Beaucoup de retenue et de finesse dans cette évocation tout en pudeur d’un drame vécu par des dizaines de milliers de personnes. Rien n’est éludé, de l’horreur des découvertes faites au fil des jours au traumatisme que tous les sinistrés vont porter en eux à jamais : « Dans le cœur de chacun des sinistrés, même longtemps après, le raz de marée noir et terrifiant déferlait, brisant les digues, et même si personne ne voulait en parler, cela restait une réalité. Ce souvenir demeurait ancré au fond du cœur et l’on avait beau essayer de s’en débarrasser, rien ne pouvait l’effacer ». Une peinture réaliste et digne, sans poésie ni lyrisme, dont la concision évite tout glissement inutile vers le pathos. Saisissant.


Et puis après de Kasumiko Murakami. Actes Sud, 2016. 100 pages. 13,80 euros.









mercredi 22 juin 2016

Étunwan : Celui Qui Regarde - Thierry Murat

Pittsburgh, 1867. Le photographe Joseph Wallace décide d’abandonner les rémunérateurs portraits des notables locaux pour se joindre à une mission d’exploration scientifique dans les montagnes rocheuses. Chargé de photographier les régions traversées, Wallace se passionne plutôt pour les autochtones après avoir passé plusieurs jours dans un camp sioux. Rentré auprès de sa famille, il imagine déjà une nouvelle expédition entièrement consacrée aux indiens. Expédition qu’il mènera en solitaire et dont il reviendra profondément bouleversé.

Un récit qui vous happe. Par sa beauté, sa lenteur, sa puissance. Par son propos aussi, sa réflexion sur l’image, qui fait le lien entre dessin et photographie, notamment à travers la relation au sujet, les questions de cadrages, la posture : « Qu’est-ce qu’une image, sinon un fac-similé de la réalité ? Cela ne sert à rien de vouloir à tout prix représenter les choses telles qu’elles sont.

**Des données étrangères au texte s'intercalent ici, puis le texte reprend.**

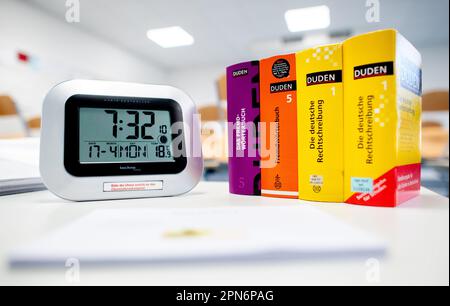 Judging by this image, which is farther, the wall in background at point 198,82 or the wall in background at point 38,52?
the wall in background at point 198,82

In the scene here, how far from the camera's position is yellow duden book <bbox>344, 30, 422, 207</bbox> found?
0.47 metres

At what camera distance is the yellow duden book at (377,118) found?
475 mm

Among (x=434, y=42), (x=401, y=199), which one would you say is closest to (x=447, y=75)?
(x=434, y=42)

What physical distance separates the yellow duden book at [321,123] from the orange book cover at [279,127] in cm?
2

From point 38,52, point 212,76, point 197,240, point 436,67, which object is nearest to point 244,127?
Answer: point 197,240

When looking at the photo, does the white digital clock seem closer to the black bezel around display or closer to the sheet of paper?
the black bezel around display

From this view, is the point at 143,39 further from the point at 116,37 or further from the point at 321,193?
the point at 321,193

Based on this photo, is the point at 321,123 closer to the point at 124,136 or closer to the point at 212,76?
the point at 124,136

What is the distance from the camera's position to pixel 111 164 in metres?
0.60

Il faut les mettre en scène, les sublimer ». Le questionnement sur l’image et son pouvoir se double d’une interrogation existentielle pour Wallace. Face à la quiétude et l’harmonie trouvées auprès des indiens, ses certitudes vacillent et lui font connaître « un détachement lent, progressif, physique et cérébral » qui va peu à peu l’éloigner de son milieu d’origine.

« Les indiens savent depuis longtemps que leur monde est en équilibre au bord du vide. Et que ce vide ne sera bientôt plus que la trace effacée de ce qu’ils ont été ». Un monde bientôt perdu dans lequel le photographe va peu à peu se dissoudre. Le dessin est, comme toujours avec Thierry Murat, totalement envoûtant. Couleurs crépusculaires, lumière blafarde, hommes, bisons et végétation réduits à l’état d’ombres… des choix graphiques annonciateurs de la disparition à venir. Disparition d’un peuple, de sa culture, de ses traditions. Ou comment décrire tout en sobriété une inéluctable agonie.

Magnifique album, un de plus dans la bibliographie de Thierry Murat. Beaucoup plus personnel que ses adaptations de romans mais tout aussi réussi.

Étunwan : Celui Qui Regarde de Thierry Murat. Futuropolis, 2016. 160 pages. 23,00 euros.



Une lecture commune que j'ai le plaisir de partager avec mes chères complice Mo et Noukette.





mardi 21 juin 2016

Histoire du garçon qui courait après son chien qui courait après sa balle - Hervé Giraud

« Quelque chose d’indéterminé m’encourage à chercher mon chien, à aider ma sœur, à rassembler ma meute pour recréer une tribu démantelée par une guerre. »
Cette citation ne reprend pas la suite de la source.